### AIM OF THE EXERCISE
The listing is to be transcribed in full, with its images left out.

### PROVIDED DATA
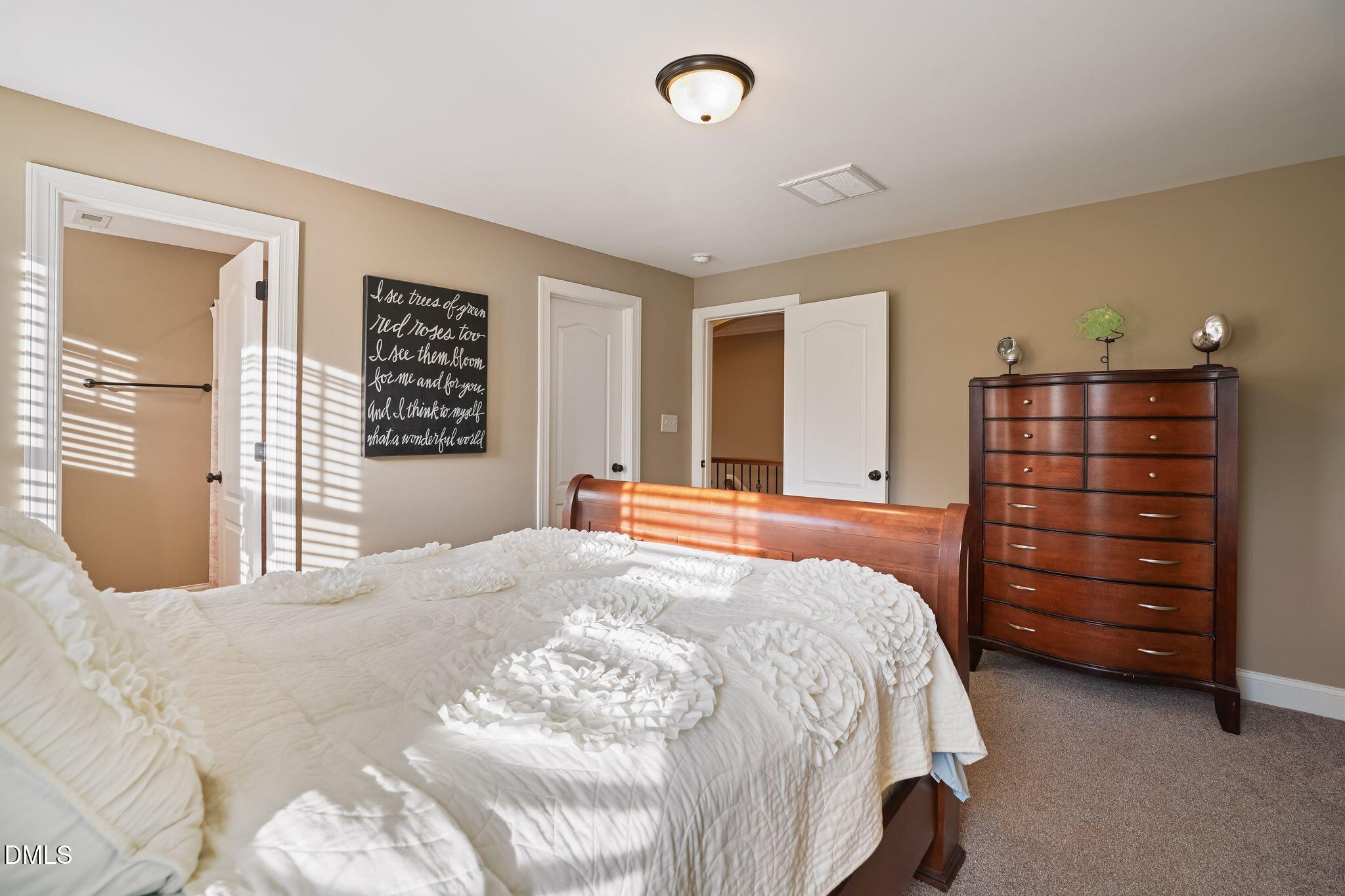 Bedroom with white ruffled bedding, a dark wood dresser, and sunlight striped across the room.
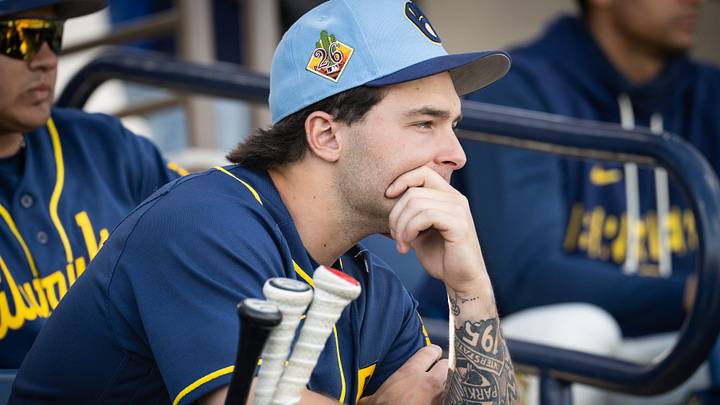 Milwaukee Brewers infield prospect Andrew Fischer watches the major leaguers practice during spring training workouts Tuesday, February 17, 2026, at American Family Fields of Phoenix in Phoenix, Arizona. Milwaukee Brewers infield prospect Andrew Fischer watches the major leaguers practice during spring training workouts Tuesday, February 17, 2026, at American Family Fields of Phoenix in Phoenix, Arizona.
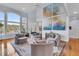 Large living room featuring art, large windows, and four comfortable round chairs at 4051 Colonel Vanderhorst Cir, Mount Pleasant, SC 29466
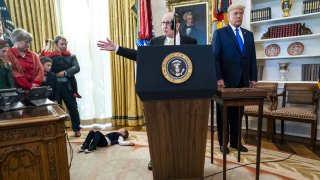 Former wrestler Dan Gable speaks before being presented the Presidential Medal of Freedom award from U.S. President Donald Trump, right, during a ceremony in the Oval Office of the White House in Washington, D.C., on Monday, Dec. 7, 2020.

### REPLY
 Bedroom with white ruffled bedding, a dark wood dresser, and sunlight striped across the room.
 Milwaukee Brewers infield prospect Andrew Fischer watches the major leaguers practice during spring training workouts Tuesday, February 17, 2026, at American Family Fields of Phoenix in Phoenix, Arizona. Milwaukee Brewers infield prospect Andrew Fischer watches the major leaguers practice during spring training workouts Tuesday, February 17, 2026, at American Family Fields of Phoenix in Phoenix, Arizona.
 Large living room featuring art, large windows, and four comfortable round chairs at 4051 Colonel Vanderhorst Cir, Mount Pleasant, SC 29466
 Former wrestler Dan Gable speaks before being presented the Presidential Medal of Freedom award from U.S. President Donald Trump, right, during a ceremony in the Oval Office of the White House in Washington, D.C., on Monday, Dec. 7, 2020.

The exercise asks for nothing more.